(Economic Observation) Many places in China strictly prevent training institutions from "running" and fund custody may become a regulatory weapon

  China News Service, Beijing, January 24 (Reporter Xia Bin) Whether or not to pay the pre-paid fees of off-campus training institutions is a dilemma for many parents: there are discounts for paying the money first, and there may also be institutions "volumes." Money runs away."

China is working hard to solve the problem of funding risks of off-campus training institutions, and how to effectively supervise it is of vital importance.

  After paying for the children’s off-campus class, the training organization “is hard to find”. The news of parents' rights protection “chasing money” has been widely reported in recent years.

In particular, due to the negative impact of last year’s epidemic, off-campus training institutions “run the door” and “close their doors” frequently.

  He Cun, member of the Beijing Municipal Committee of the Chinese People’s Political Consultative Conference and general manager of Hua Xia Bank’s strategic customer department, recently submitted the "Proposal to Strengthen the Supervision of Consumer Prepaid Funds for Training Institutions". Regarding depository methods and supervision responsibilities of all parties, some online training institutions have been selected as pilot projects to promote the prepaid funds depository of training institutions to become industry norms and effectively guarantee the safety of consumer funds.

  Changsha CPPCC member Yi Jing also stated in a proposal recently submitted that it requires off-campus training institutions to choose a bank within the city to open the only special account for training fees, and sign a special account with the bank when opening the special account. At the same time, the bank strictly controls the minimum balance of the account and the flow of large amounts of funds in accordance with the agreement, and pushes the special account information to the education authority through system docking.

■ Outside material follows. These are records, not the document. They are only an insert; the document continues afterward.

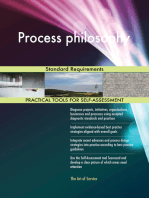 Process philosophy Standard Requirements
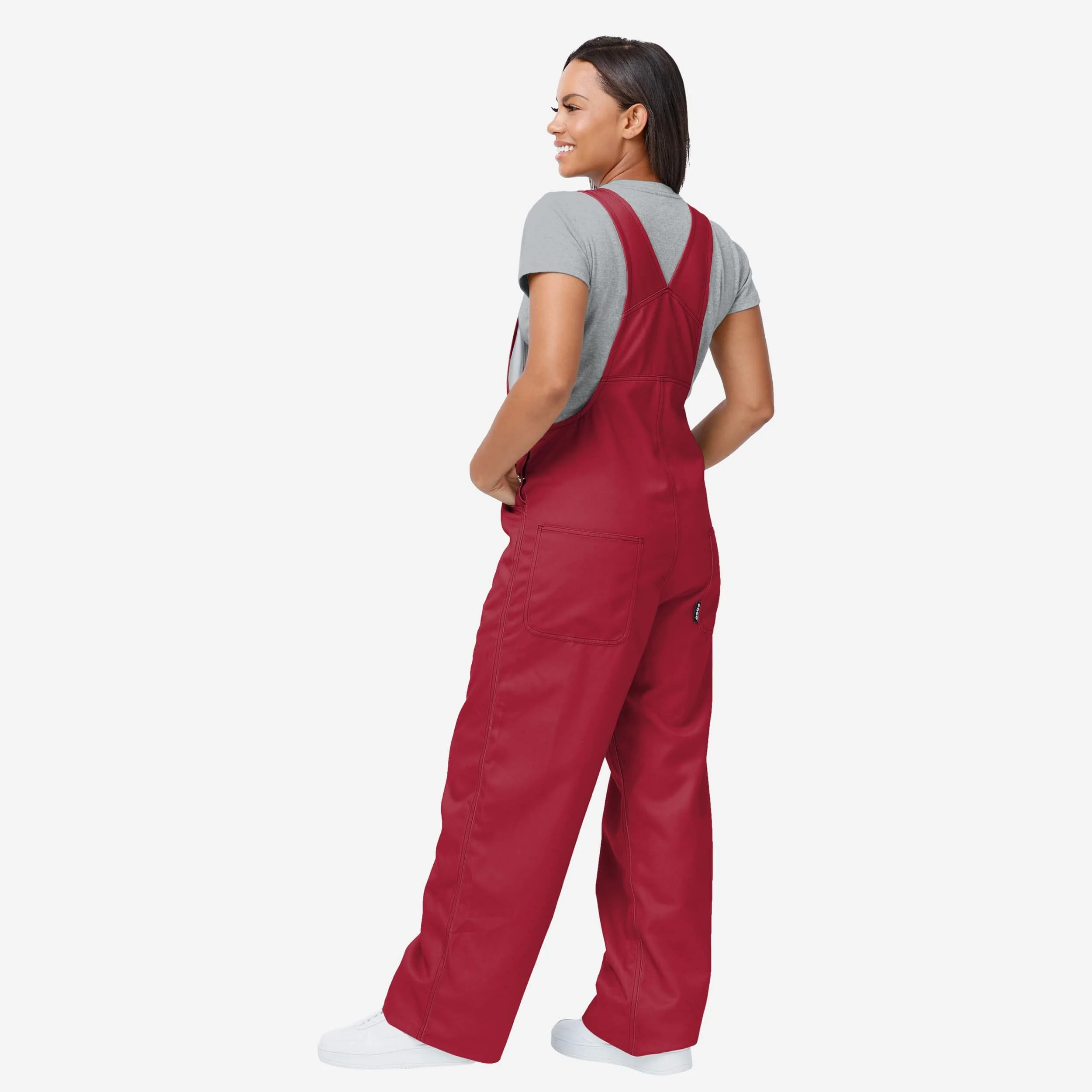 Alabama Crimson Tide Womens Big Logo Bib Overalls - Image 2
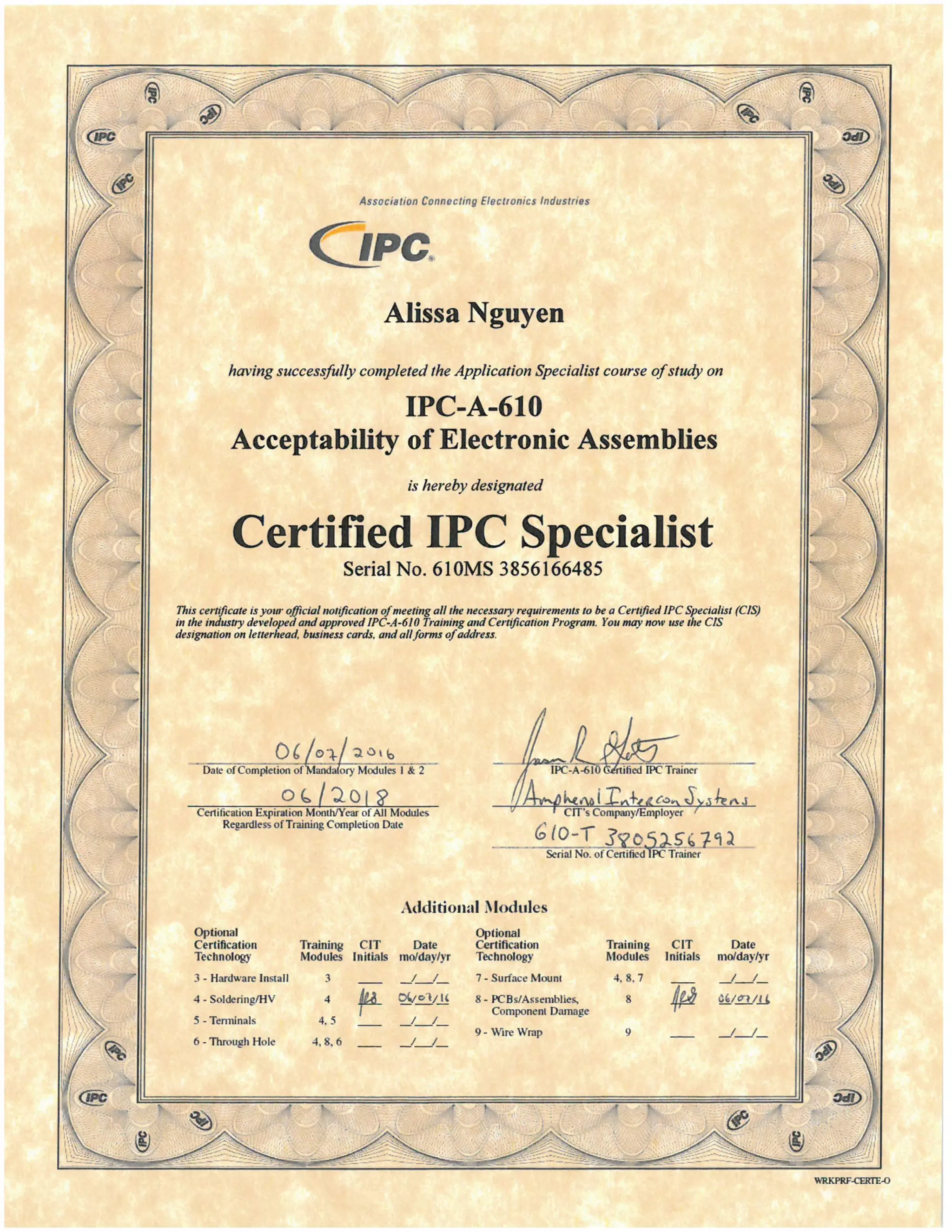 IPC-A-610 Certification | PDF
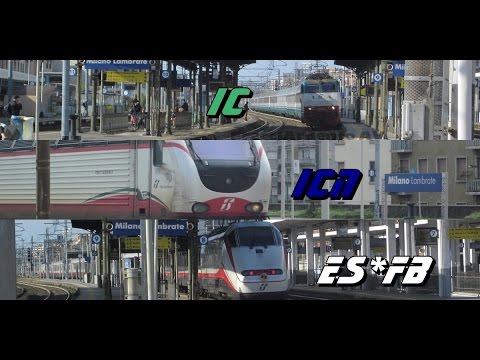 Intercity , Intercity Notte e Frecce Bianche a Milano Lambrate !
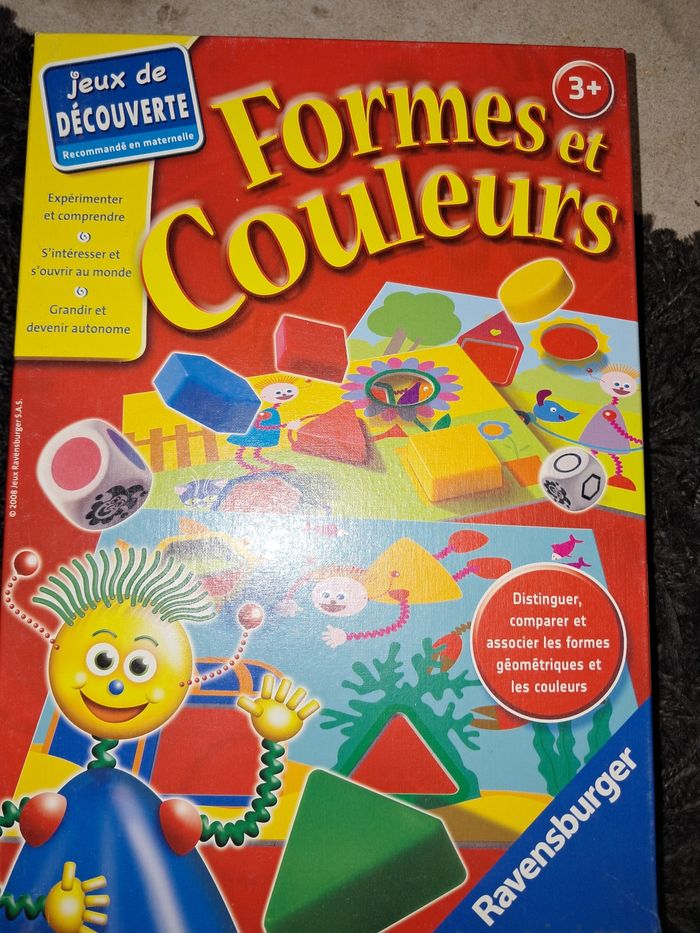 Jeu formes et couleurs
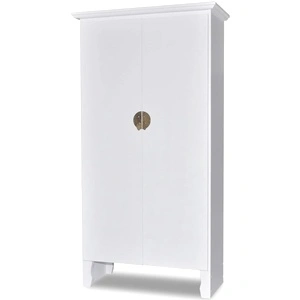 Дървен китайски сватбен шкаф с три рафта и две врати 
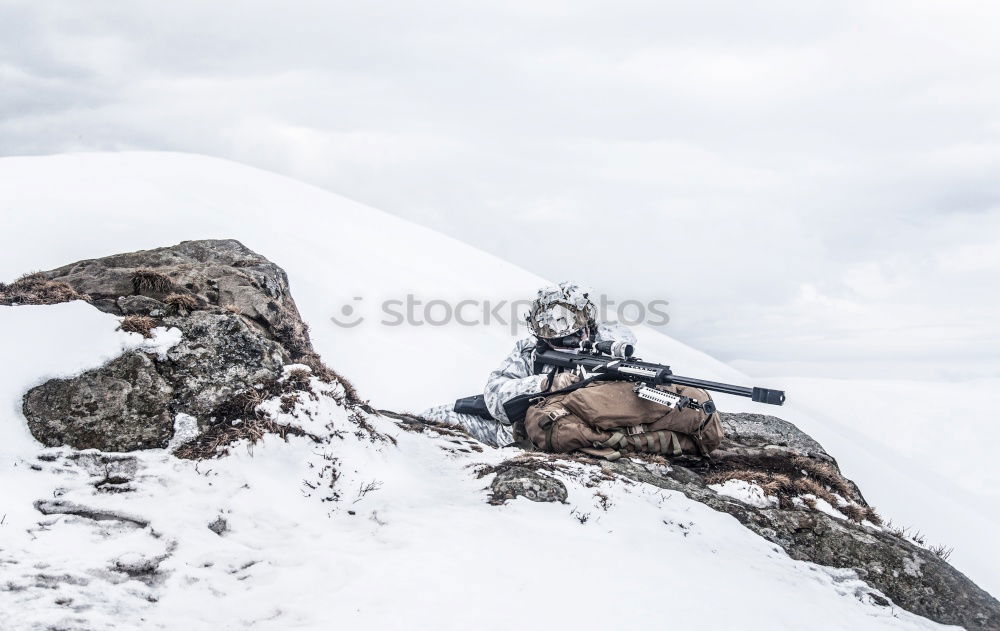 Similar – Image, Stock Photo Man with motorcycle in snowy highlands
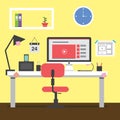 Web design workspace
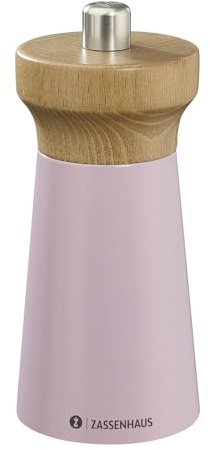 Zassenhaus Pfeffermühle WESTERLAND lotus | lackiertes Buchenholz | Mühlenkopf aus Buchenholz | mit stufenlos verstellbarem Hochleistungs-Keramikmahlwerk | Gewürzmühle für Pfeffer| 12 cm, Ø 5,4 cm
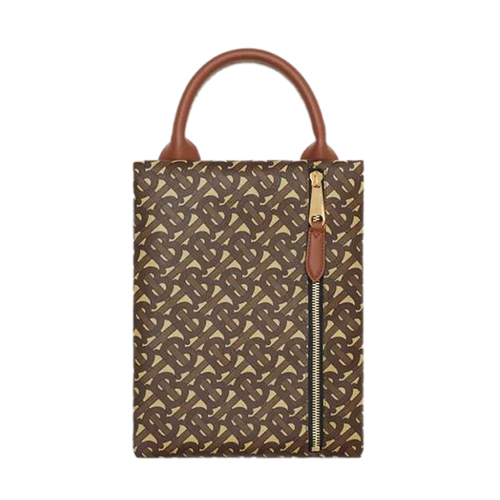 [스페셜오더]BURBERRY-80208931 버버리 모노그램 프린트 E-캔버스 포트레이트 파우치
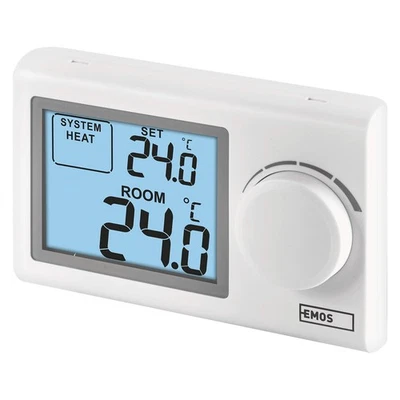 - digitaler Raumthermostat mit LCD-Display - manuell drahtgebunden - Heiz- un... - Bild 1 von 4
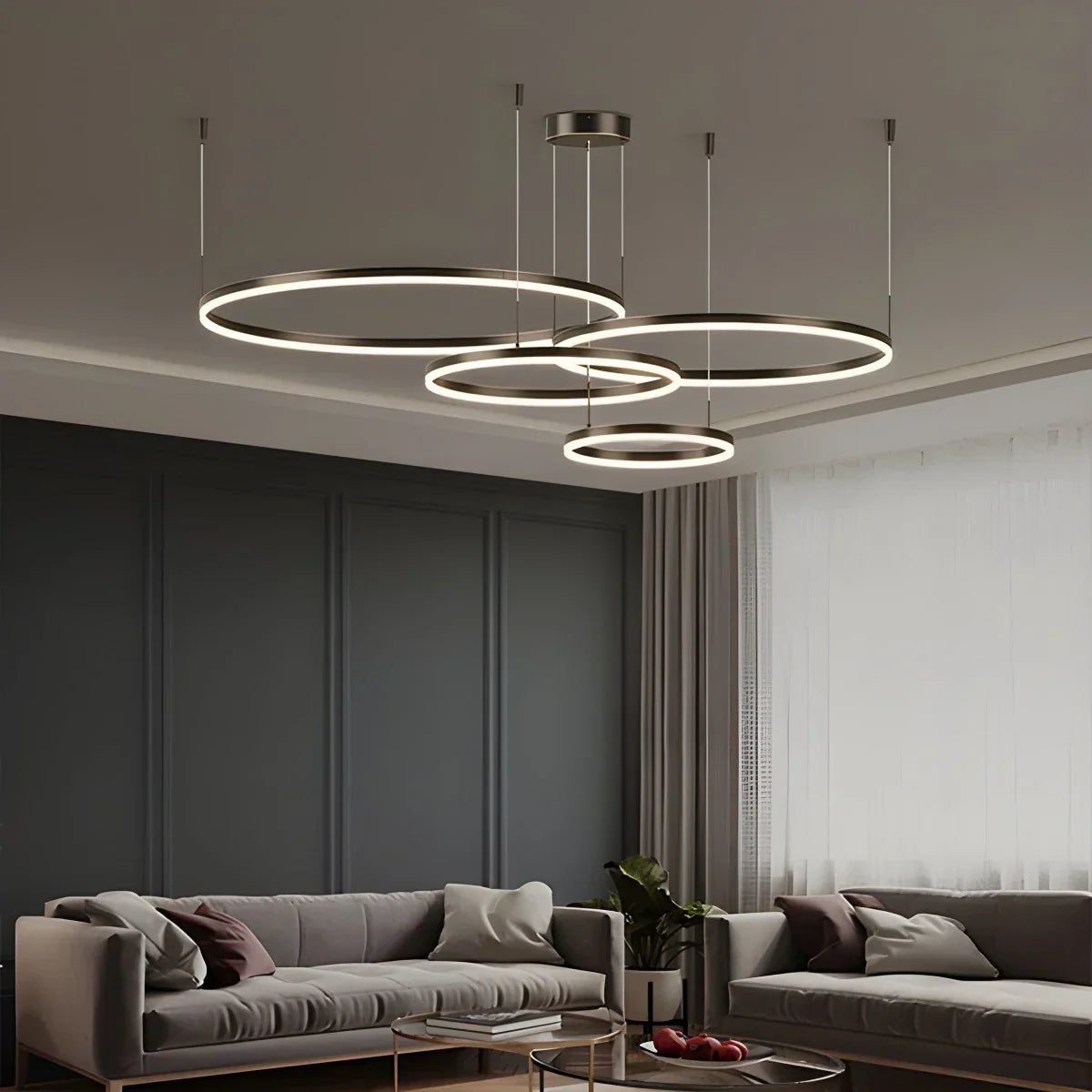 Cirvona Layered Ring Pendant Light
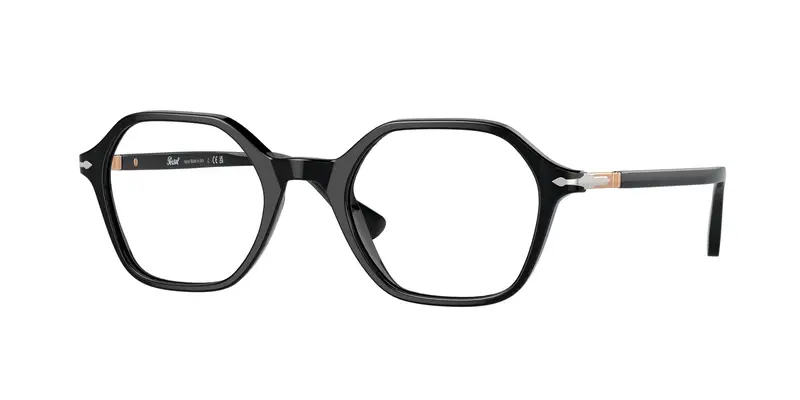 Persol Unisex PO3254V 95 Montature da vista Plastica Nero Squadrata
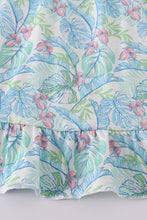 Load image into Gallery viewer, Tropical rainforest plant print dress

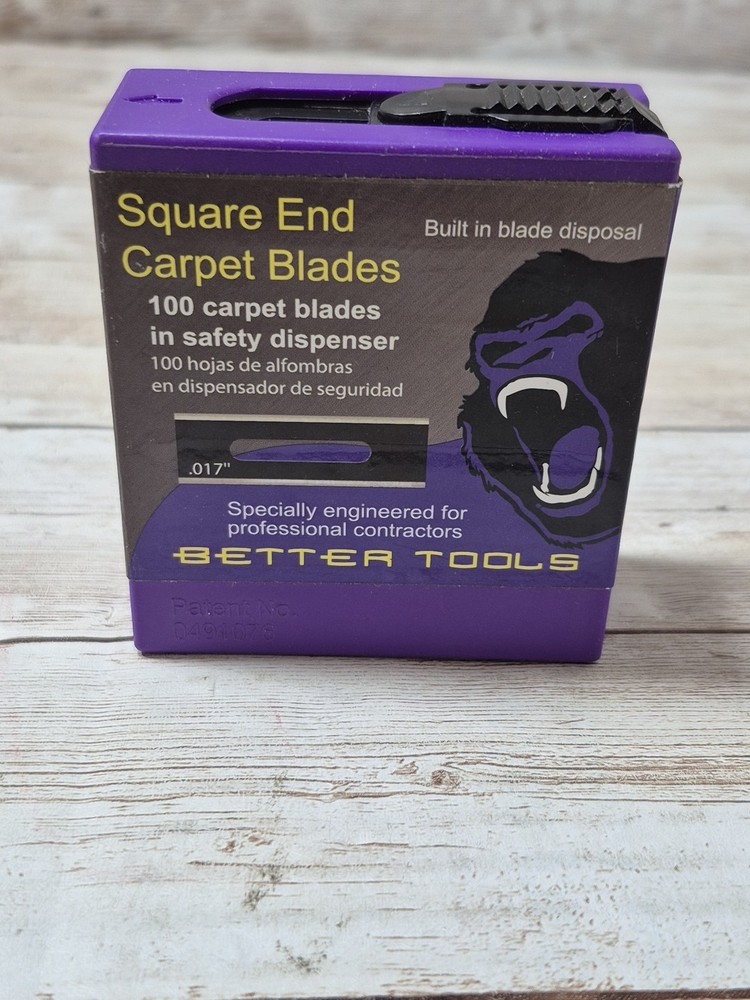 Better Tools Square Carpet Knife Blades, 100 Per Box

  At present, many places in China have begun to reduce the financial risk of training institutions.

Beijing is piloting a pre-paid consumer credit supervision platform, focusing on solving the problem of pre-charging supervision of training institutions. Recently, it has announced the first batch of 51 off-campus training institutions to be included in supervision.

After being included in the supervision, every class fee paid by parents can be checked on the platform, and training institutions will also have a corresponding early warning mechanism if there is a capital change.

The platform supervises the entire process from the source of charges to the processing of refunds to further prevent risks.

  Qingdao North District took the lead in piloting the supervision of training funds for off-campus training institutions in Qingdao, and a total of 16 demonstration units signed contracts to be included in the supervision platform.

The first batch of 16 institutions will rely on the Qingdao municipal and district private education management platforms to cooperate with China CITIC Bank to establish special accounts, accept capital supervision, and further regulate the development of private education in the island city.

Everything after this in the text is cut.